İzmit’te İmaret Yokuşu’nda Bir Cami
İzmit’in merkezinde, Kemalpaşa Mahallesi, İmaret Yokuşu Sokağı’nda, Fevziye Camii yakınlarında yer almaktadır. İlkin H. 931 (M. 1524) yılında, Defterdar Abdüsselam tarafından Mimar Sinan’a yaptırılan cami, 1776 depreminde zarar görmüş, 1872 yılında Altıncıoğlu Hatice Hanım tarafından onartılmıştır. Sinan’ın yaptığı ilk caminin tek kubbeli olduğu, 1872 yılındaki onarımda ise duvarların ve minarenin korunarak üstünün ahşap çatı ile örtüldüğü anlaşılmaktadır. Caminin ilk yapımına ve onarıma ait kitabeler, giriş kapısı üzerinde muhafaza edilmiştir. Kitabede; “İş bu İmaret Cami-i Şerifinin banisi Defterdar-ı Esbak Abdüsselam Bey Efendi Hazretlerinin sülale-i tahirelerinden el-Hac Seyyid İsmail Zülkefil Bey’in halile-i muhteremesi Delail-i Şerif mezunesi merhume ve Mağfurliha Hadice Firdevs Hanım ruhu için rızaen l’illah el-Fatiha. Fi sene-tıs Şerife fi 23 yevm-3 Cuma” ifadeleri, caminin onarımına işaret etmektedir. Yapıyla ilgili olarak Sinan’ın Tezkiretü’l-Ebniye ve Tezkiretü’l-Bünyan adlı tezkirelerinde de bu caminin adına rastlanır. Cami, 17 Ağustos 1999 depreminde zarar görmüş, ardından onarılmıştır.

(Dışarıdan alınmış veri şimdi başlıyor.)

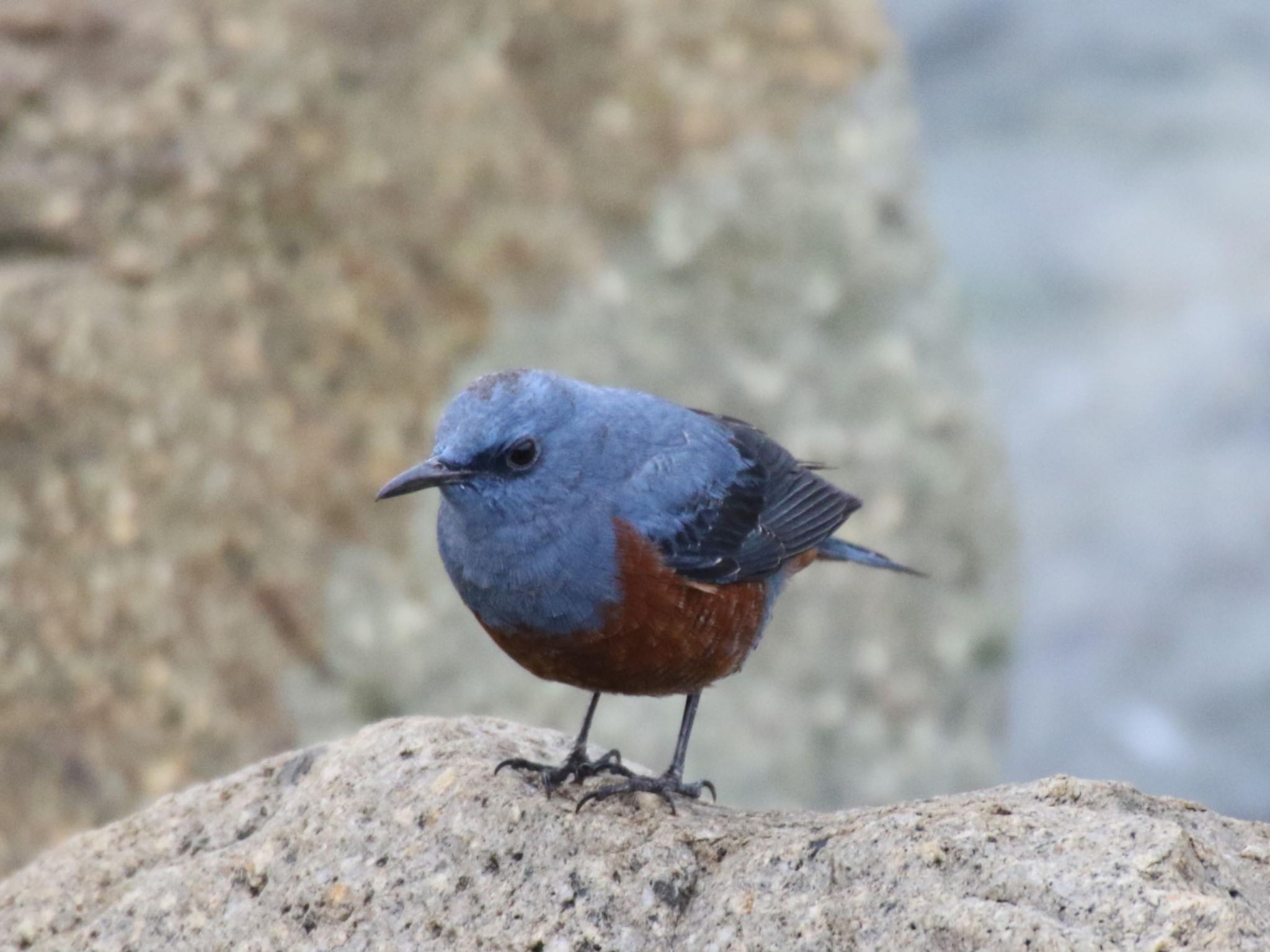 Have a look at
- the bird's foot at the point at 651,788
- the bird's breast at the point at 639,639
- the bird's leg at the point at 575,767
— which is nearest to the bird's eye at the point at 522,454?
the bird's breast at the point at 639,639

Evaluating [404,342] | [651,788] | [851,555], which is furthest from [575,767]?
[404,342]

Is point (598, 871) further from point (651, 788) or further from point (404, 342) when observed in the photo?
point (404, 342)

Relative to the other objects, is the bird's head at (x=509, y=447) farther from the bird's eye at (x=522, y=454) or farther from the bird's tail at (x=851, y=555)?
the bird's tail at (x=851, y=555)

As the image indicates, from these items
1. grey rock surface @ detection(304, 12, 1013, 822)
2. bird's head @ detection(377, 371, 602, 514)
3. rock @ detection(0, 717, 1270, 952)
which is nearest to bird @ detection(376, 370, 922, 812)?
bird's head @ detection(377, 371, 602, 514)

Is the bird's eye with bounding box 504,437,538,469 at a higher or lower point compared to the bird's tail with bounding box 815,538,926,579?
lower

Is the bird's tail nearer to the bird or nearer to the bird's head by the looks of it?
the bird

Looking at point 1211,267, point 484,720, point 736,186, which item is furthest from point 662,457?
point 1211,267

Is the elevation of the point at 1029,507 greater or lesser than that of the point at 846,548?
greater

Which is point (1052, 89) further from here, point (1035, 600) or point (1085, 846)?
point (1085, 846) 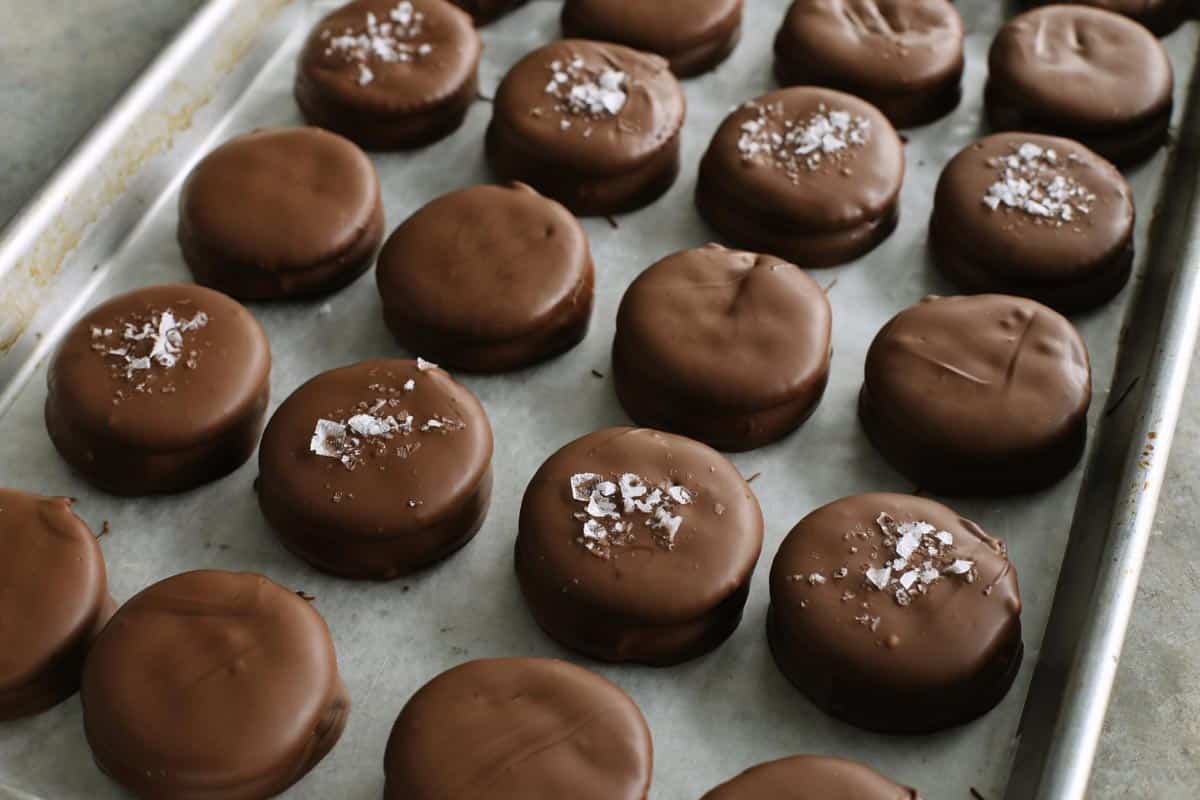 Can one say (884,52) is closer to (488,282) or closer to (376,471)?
(488,282)

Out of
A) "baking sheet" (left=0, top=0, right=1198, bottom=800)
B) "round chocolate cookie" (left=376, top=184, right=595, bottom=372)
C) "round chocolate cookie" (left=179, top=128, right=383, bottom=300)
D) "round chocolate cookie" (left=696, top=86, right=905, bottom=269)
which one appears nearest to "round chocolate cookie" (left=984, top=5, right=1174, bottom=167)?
"baking sheet" (left=0, top=0, right=1198, bottom=800)

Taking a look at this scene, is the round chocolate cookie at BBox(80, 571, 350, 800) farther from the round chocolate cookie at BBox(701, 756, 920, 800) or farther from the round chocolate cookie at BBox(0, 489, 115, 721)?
the round chocolate cookie at BBox(701, 756, 920, 800)

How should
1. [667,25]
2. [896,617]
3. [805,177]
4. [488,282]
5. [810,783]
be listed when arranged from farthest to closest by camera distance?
[667,25] < [805,177] < [488,282] < [896,617] < [810,783]

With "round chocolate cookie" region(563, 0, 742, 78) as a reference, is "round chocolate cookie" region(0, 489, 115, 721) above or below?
below

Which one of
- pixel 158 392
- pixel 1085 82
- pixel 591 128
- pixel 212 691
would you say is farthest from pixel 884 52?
pixel 212 691

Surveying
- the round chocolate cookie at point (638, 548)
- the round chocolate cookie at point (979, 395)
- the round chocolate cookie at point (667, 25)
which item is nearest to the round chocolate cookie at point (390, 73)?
the round chocolate cookie at point (667, 25)

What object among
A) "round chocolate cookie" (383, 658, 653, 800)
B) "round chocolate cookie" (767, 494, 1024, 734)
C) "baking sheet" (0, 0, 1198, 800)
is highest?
"round chocolate cookie" (383, 658, 653, 800) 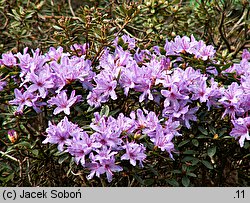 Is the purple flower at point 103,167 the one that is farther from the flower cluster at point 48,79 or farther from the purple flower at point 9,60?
the purple flower at point 9,60

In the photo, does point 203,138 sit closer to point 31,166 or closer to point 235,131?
point 235,131

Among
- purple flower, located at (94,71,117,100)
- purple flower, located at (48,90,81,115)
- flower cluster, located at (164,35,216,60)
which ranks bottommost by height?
purple flower, located at (48,90,81,115)

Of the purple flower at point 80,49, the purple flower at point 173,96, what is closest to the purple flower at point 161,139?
the purple flower at point 173,96

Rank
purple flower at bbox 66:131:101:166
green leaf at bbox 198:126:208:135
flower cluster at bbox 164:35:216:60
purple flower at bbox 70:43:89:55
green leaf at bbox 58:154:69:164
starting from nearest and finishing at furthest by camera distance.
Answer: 1. purple flower at bbox 66:131:101:166
2. green leaf at bbox 58:154:69:164
3. green leaf at bbox 198:126:208:135
4. flower cluster at bbox 164:35:216:60
5. purple flower at bbox 70:43:89:55

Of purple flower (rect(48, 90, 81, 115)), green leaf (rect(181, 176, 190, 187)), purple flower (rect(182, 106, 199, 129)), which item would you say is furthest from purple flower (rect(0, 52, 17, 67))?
green leaf (rect(181, 176, 190, 187))

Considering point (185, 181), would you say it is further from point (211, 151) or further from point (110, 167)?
point (110, 167)

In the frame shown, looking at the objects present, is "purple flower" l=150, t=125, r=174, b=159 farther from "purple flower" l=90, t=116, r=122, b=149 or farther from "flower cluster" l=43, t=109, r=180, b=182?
"purple flower" l=90, t=116, r=122, b=149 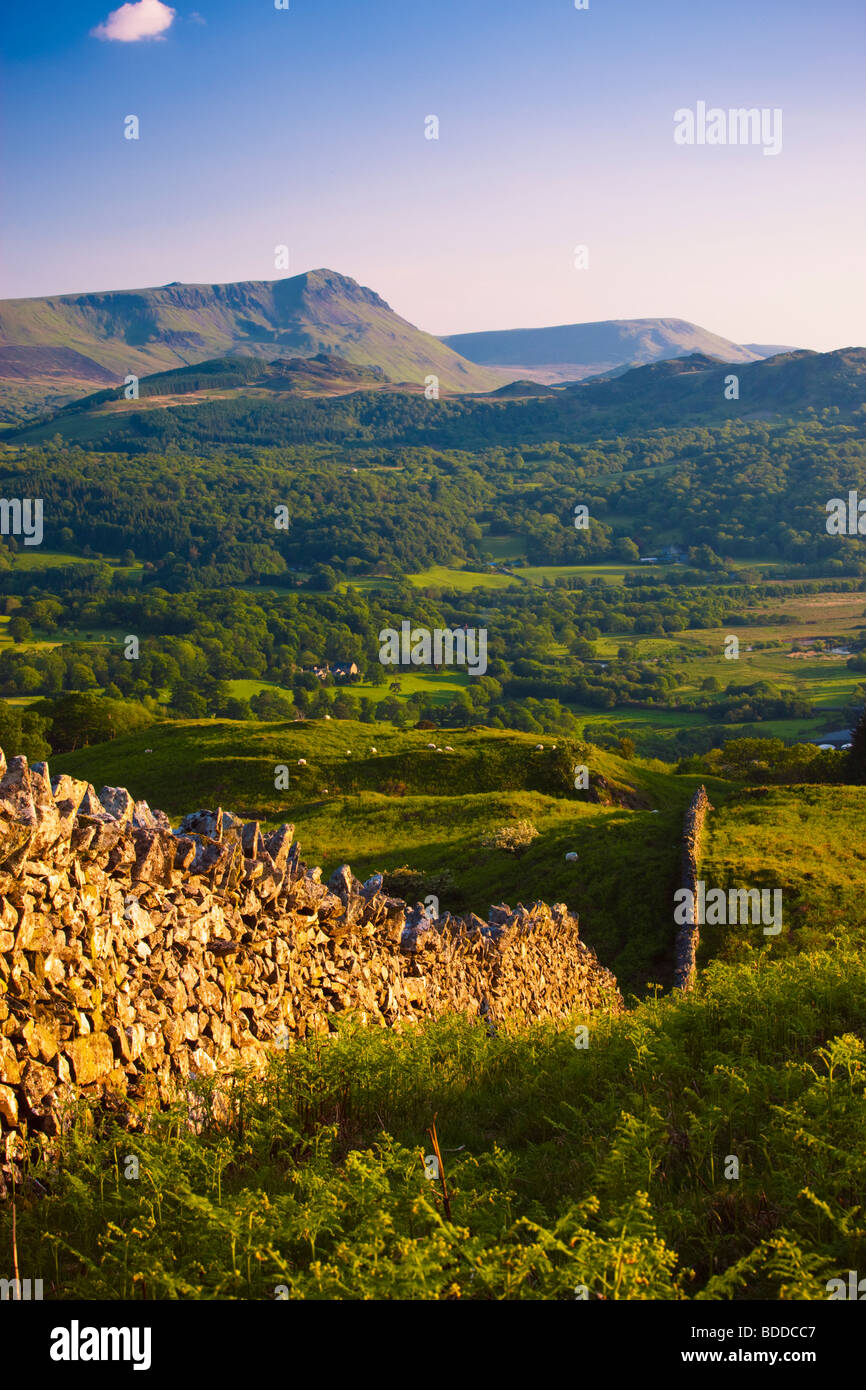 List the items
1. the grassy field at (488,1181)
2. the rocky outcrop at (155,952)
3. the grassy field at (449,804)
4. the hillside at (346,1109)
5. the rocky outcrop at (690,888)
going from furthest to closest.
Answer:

Cami, kuzey-güney ekseninde, dikey bir plana sahiptir. Harimin doğusunda, bir kapı ile yatay düzenlenmiş ek mekân bulunmaktadır. Burasının, ince duvarı ve üslup özelliklerine bakarak sonradan eklendiği anlaşılmaktadır. Kuzeyde, son cemaat yeri olarak kullanılan kısım, yapının enine göre uydurulmuş, sonradan eklenmiş olmalıdır.
Orijinal özelliklerini büyük ölçüde yitirmiş olan caminin, kuzey girişi önünde kolordu binası yer almıştır. Camiye daha çok kuzey kapıdan giriş sağlanmaktadır. Doğu ve batı cephelerindeki açıklıklardan başka cami, düz, sade bir mimariye sahiptir. Onarım kitabesinin bulunduğu doğu kapı, ampir üsluptaki dış çerçeveleri ile yuvarlak kemerli bir alınlığa sahiptir. Doğu kapısından son cemaat yerine, buraya açılan sol kapıdan da harime ulaşılmakta iken, son onarımlarda burada bağlantı sağlayan kapı da kapatılmıştır. Son cemaat yerindeki girişin karşısında, abdest alma yeri ile solunda da bir açıklık bulunmaktadır.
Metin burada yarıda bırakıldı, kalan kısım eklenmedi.